Intelligent left ventricle auxiliary system

Technical Field

The application relates to the technical field of medical equipment, in particular to an intelligent left ventricle auxiliary system.

Background

The ventricular assist system is a novel product, is different from the traditional ventricular assist device or the heart blood pump, is mainly used for supporting the heart of a patient in the operation process, has the main advantages that the operation of opening the chest is not needed, and is usually carried out by a minimally invasive mode such as puncturing or cutting the femoral artery and the like, so that the operation risk is greatly reduced. It can maintain vital signs of patients with severe heart failure, or assist heart function in high risk surgery, reducing surgery risk.

The existing support to the heart of the patient during the operation, the operator needs to monitor each item of data of the patient in real time during the operation and then let the equipment operator manually adjust the pumping blood volume, so that the operator can have delay and error risks for transmitting the information to the equipment operator after observing the information, meanwhile, the existing monitoring is to adjust the pumping blood volume based on the difference value of the blood pressure, the blood oxygen content and the corresponding standard value, the pumping blood volume is not accurately adjusted by only using the difference value as the standard, and the influence of the adjusting amplitude of the pumping blood volume on the patient is not paid attention to.

Disclosure of Invention

In order to solve the technical problems, the application aims to provide an intelligent left ventricle auxiliary system, which adopts the following technical scheme:

one embodiment of the present application provides an intelligent left ventricular assist system: the system comprises a data detection module, a monitoring module and a blood pumping adjustment module;

the data detection module is used for collecting blood pressure monitoring data and blood oxygen monitoring data of a patient during operation; feeding back the blood pressure monitoring data and the blood oxygen monitoring data to a monitoring module;

the monitoring module is used for respectively analyzing the blood pressure monitoring data and the blood oxygen monitoring data to obtain trend contrast indexes and stability indexes corresponding to each monitoring data;

the blood pumping regulating module is used for acquiring regulating indexes corresponding to the two monitoring data respectively according to trend contrast indexes and stability indexes corresponding to the blood pressure monitoring data and the blood oxygen monitoring data respectively; and regulating the blood pumping volume by utilizing the regulating indexes respectively corresponding to the blood pressure monitoring data and the blood oxygen monitoring data.

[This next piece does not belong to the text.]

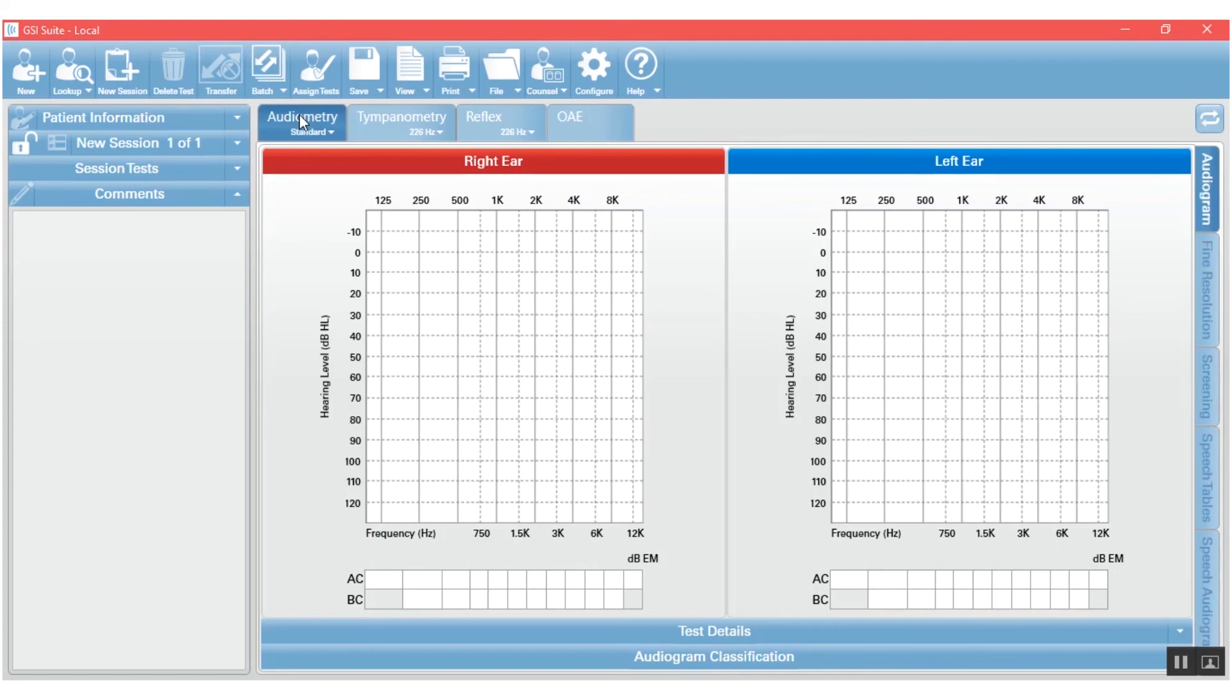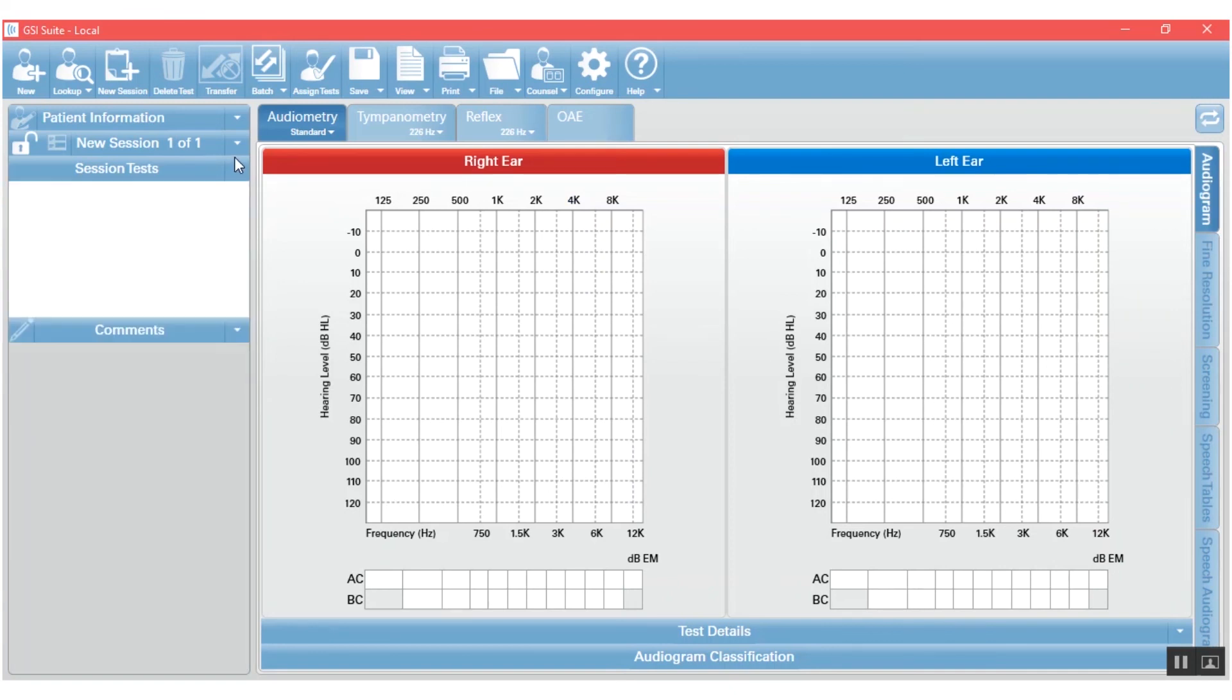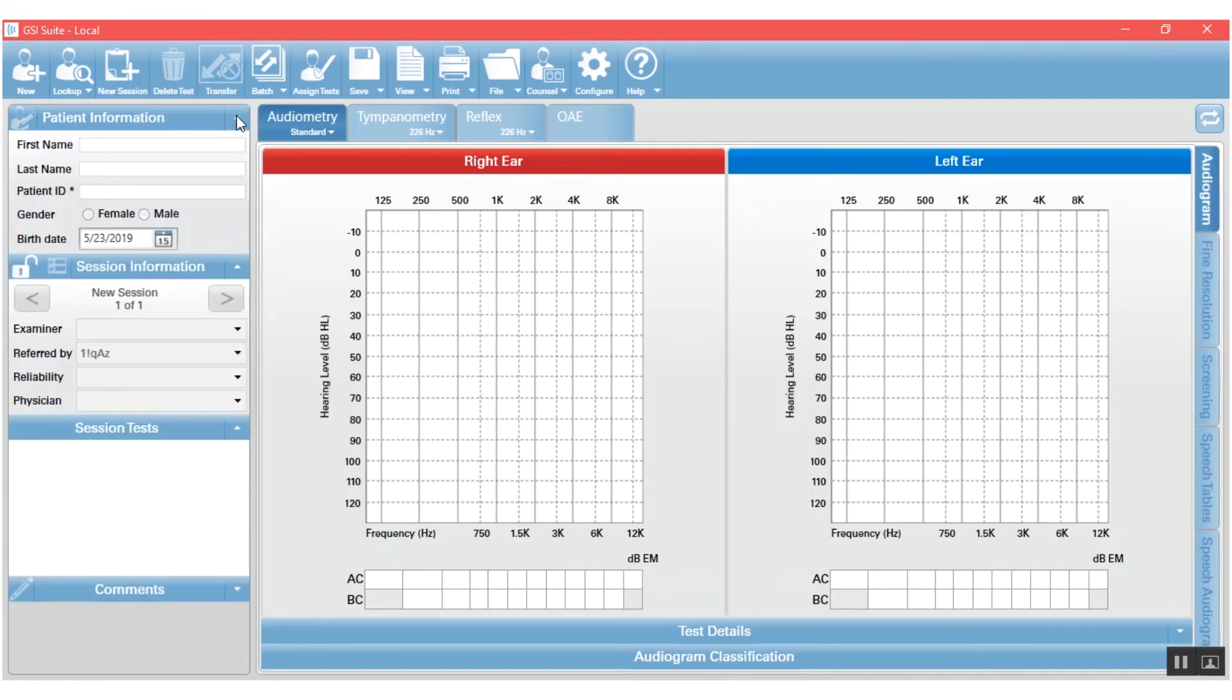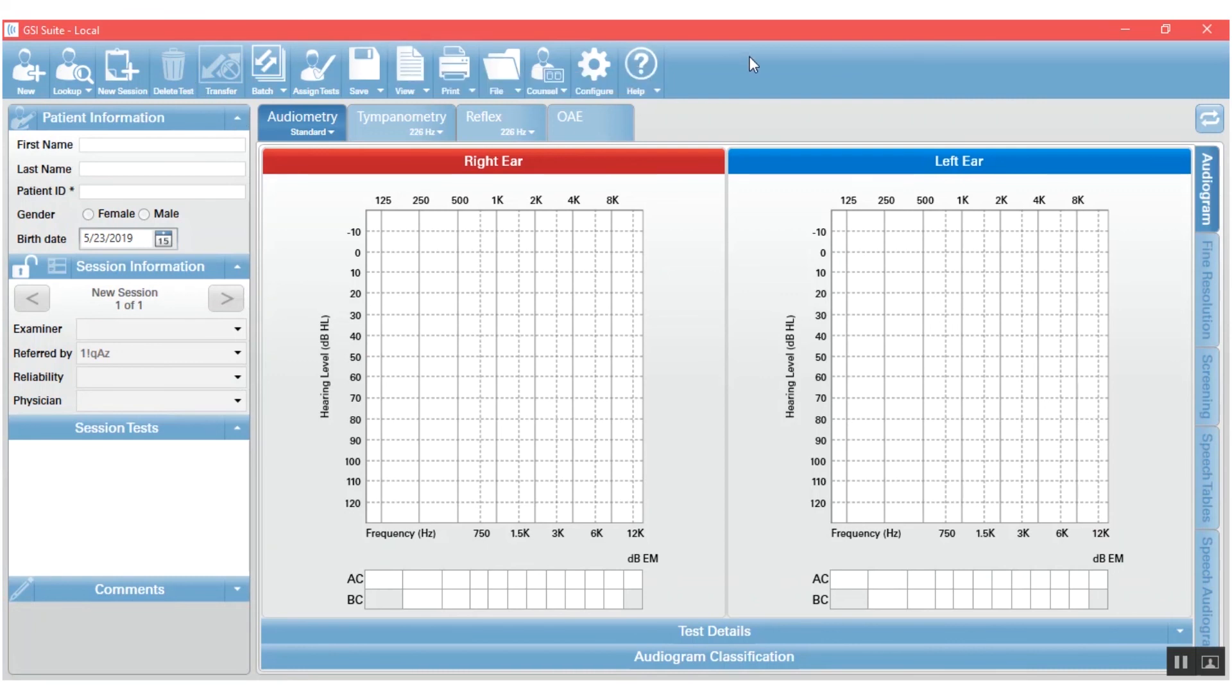So at the end of your entire session, you will have data in this middle area here. You will have maybe comments, maybe some session tests, maybe some session information and patient information that you'll be able to manage with this top ribbon of icons here.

Preferably, the method for acquiring blood pressure monitoring data and blood oxygen monitoring data of a patient during surgery comprises:

setting a preset duration, and collecting blood pressure monitoring data and blood oxygen monitoring data according to a time sequence, wherein the sampling frequency is a preset frequency; and the collection end time of each monitoring data is the current time, and the collection duration is the preset duration.

Preferably, before the trend contrast index and the stability index corresponding to each monitoring data are obtained, the method further comprises:

acquiring blood pressure historical monitoring data and blood oxygen historical monitoring data respectively corresponding to the blood pressure monitoring data and the blood oxygen monitoring data according to preset time length; the blood pressure history monitoring data and the blood oxygen history monitoring data are data collected by a patient before operation.

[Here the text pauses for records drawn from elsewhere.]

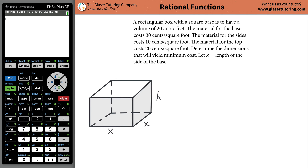Hi, Andrew here from the Glazer Tutoring Company, and today I'd like to teach you how to find the dimensions that will yield a minimum cost without knowing calculus. So let's take a look. It says a rectangular box with a square base is to have a volume of 20 cubic feet. The material for the base costs 30 cents per square foot, the material for the sides costs 10 cents per square foot, and the top costs 20 cents per square foot. Determine the dimensions that will yield the minimum cost. Let x be equal to the side of the base.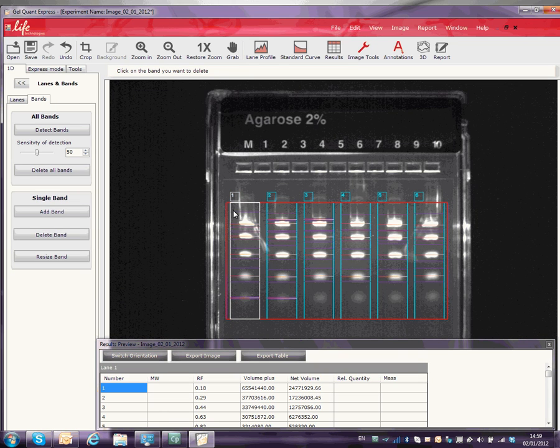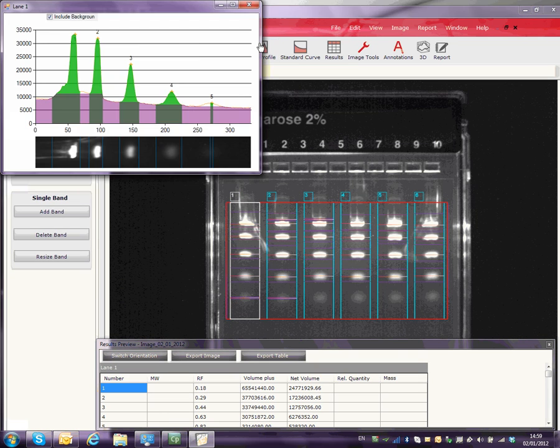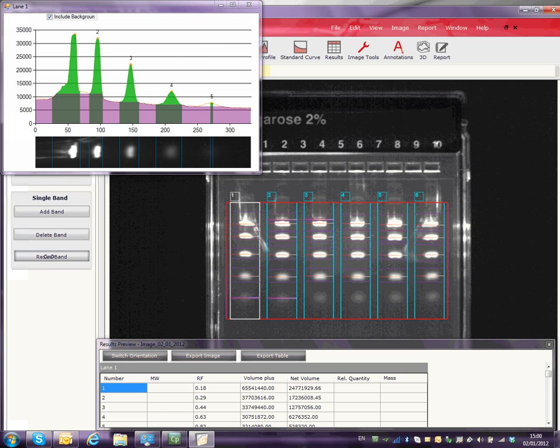Click on the top of a lane and select the Lane Profile. The Lane Profile will allow you to adjust the width of each band to ensure you analyze it correctly. Click Resize Bands to adjust band width.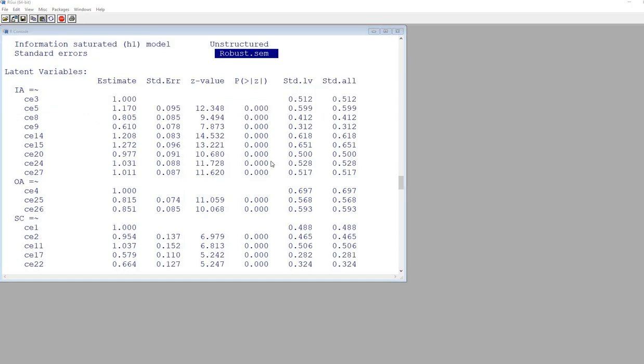That pretty well concludes this video demonstration of confirmatory factor analysis using the R package lavaan. I appreciate you watching.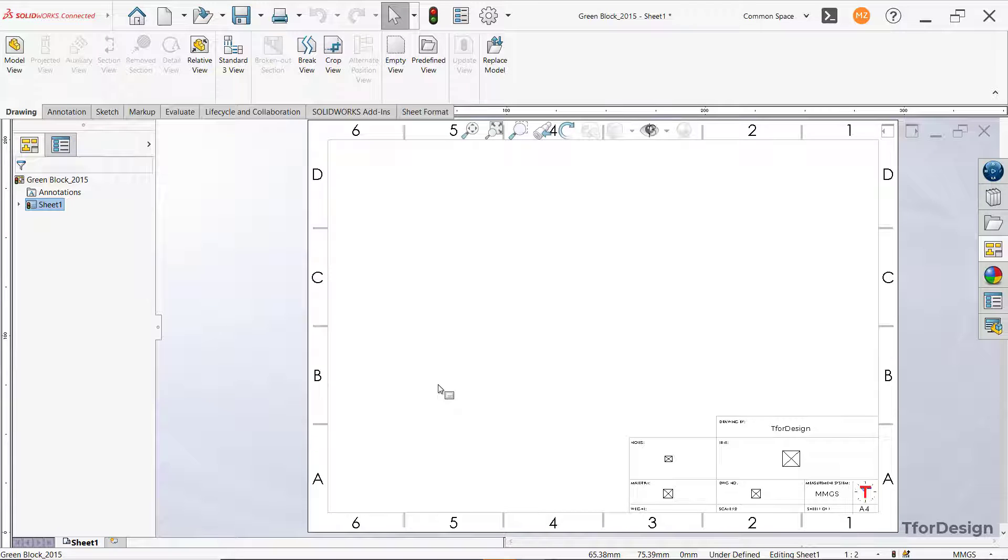In this video, we will see some cool tips on how to add dimensions to a drawing view.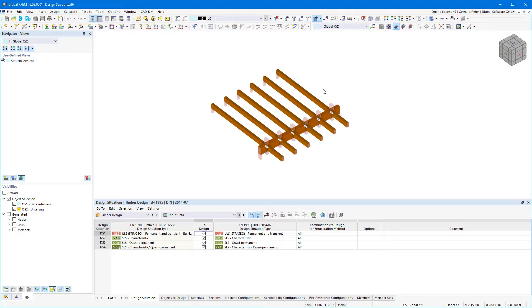The design supports essentially serve two functions. The first is the definition of the boundary condition for the verification of pressure perpendicular to the grain in timber construction, or for concrete construction with regard to the anchorage length, moment reduction, and single loads close to the support.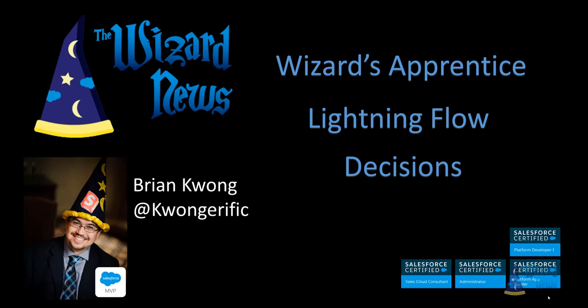My name is Brian Kwong, also known as the Salesforce wizard due to my choice of head apparel during Salesforce events. The previous episode provided an overview of the screen element. This series assumes you're familiar with the concepts reviewed in the previous videos, so if you haven't seen them, check out the playlist to get caught up. This episode is all about decisions.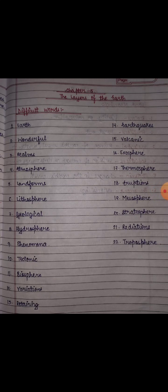Spelling of Earth: E-A-R-T-H. Earth. Second word is Wonderful. Spelling: W-O-N-D-E-R-F-U-L. Wonderful. Third word is Realms. Spelling: R-E-A-L-M-S. Fourth word is Atmosphere. Spelling: A-T-M-O-S-P-H-E-R-E.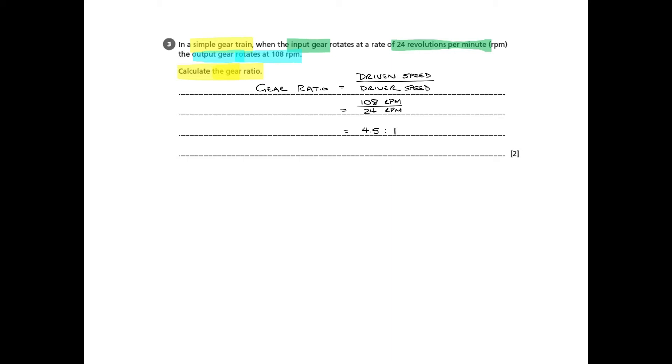And even then, that's not quite good enough, because we don't normally use decimal places within ratios. We like to have whole numbers. So you actually need to multiply both sides by two to get rid of that decimal place, that 0.5. So we'll end up at a gear ratio of 9 to 2. That will get you the full two marks.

Preferably, the obtaining a trend contrast index corresponding to each monitoring data includes:

and calculating the pearson correlation coefficient of any monitoring data and the corresponding historical monitoring data, and normalizing to obtain trend comparison indexes respectively corresponding to the blood pressure monitoring data and the blood oxygen monitoring data.

Preferably, the stability index comprises:

and calculating the range and variance of any monitoring data, solving the sum of the range and the variance, and normalizing to obtain the stability index corresponding to the blood pressure monitoring data and the blood oxygen monitoring data respectively.

Preferably, the calculation formula of the adjustment index is:

wherein TJ _i Representing an adjustment index corresponding to the ith monitoring data; q (Q) _i Representing trend contrast indexes corresponding to the ith monitoring data; w (W) _i Representing a stability index corresponding to the ith monitoring data; alpha and beta are weight coefficients respectively, and alpha is smaller than beta; exp []An exponential function based on a natural constant e is represented.

Preferably, the blood pumping amount is adjusted by using the adjustment indexes respectively corresponding to the blood pressure monitoring data and the blood oxygen monitoring data, including:

averaging the adjustment indexes corresponding to the blood pressure monitoring data and the blood oxygen monitoring data to obtain an average adjustment index at the current moment;

if the blood pressure monitoring data at the current moment is lower than the corresponding standard range and the average regulation index is smaller than or equal to the preset threshold value, the blood pumping amount is regulated in a rising way according to the first regulation amplitude until the blood pumping amount exceeds the maximum flow;

if the blood pressure monitoring data at the current moment is lower than the corresponding standard range and the average regulation index is greater than the preset threshold, the blood pumping amount is regulated in a rising way according to the second regulation amplitude until the blood pumping amount exceeds the maximum flow;

if the blood pressure monitoring data at the current moment is higher than the corresponding standard range and the average regulation index is smaller than or equal to the preset threshold, reducing and regulating the blood pumping amount according to the first regulation amplitude until the blood oxygen monitoring data exceeds the corresponding standard range or the blood pumping amount is lower than the minimum flow;

if the blood pressure monitoring data at the current moment is higher than the corresponding standard range and the average regulation index is greater than the preset threshold, reducing and regulating the blood pumping amount according to the second regulation amplitude until the blood oxygen monitoring data exceeds the corresponding standard range or the blood pumping amount is lower than the minimum flow;

if the blood oxygen monitoring data at the current moment is lower than the corresponding standard range and the average regulation index is smaller than or equal to the preset threshold, the blood pumping amount is regulated in a rising way according to the first regulation amplitude until the blood pressure monitoring data exceeds the corresponding standard range or the blood pumping amount is higher than the maximum flow;

and if the blood oxygen monitoring data at the current moment is lower than the corresponding standard range and the average regulation index is greater than the preset threshold, carrying out rising regulation on the blood pumping quantity according to the second regulation amplitude until the blood oxygen monitoring data exceeds the corresponding standard range or the blood pumping quantity is higher than the maximum flow.

Preferably, the intelligent left ventricular assist system further comprises a flow processing module for monitoring a real-time blood flow of the patient, and issuing an alarm if a difference between the real-time blood flow and a human standard blood flow is greater than a flow threshold.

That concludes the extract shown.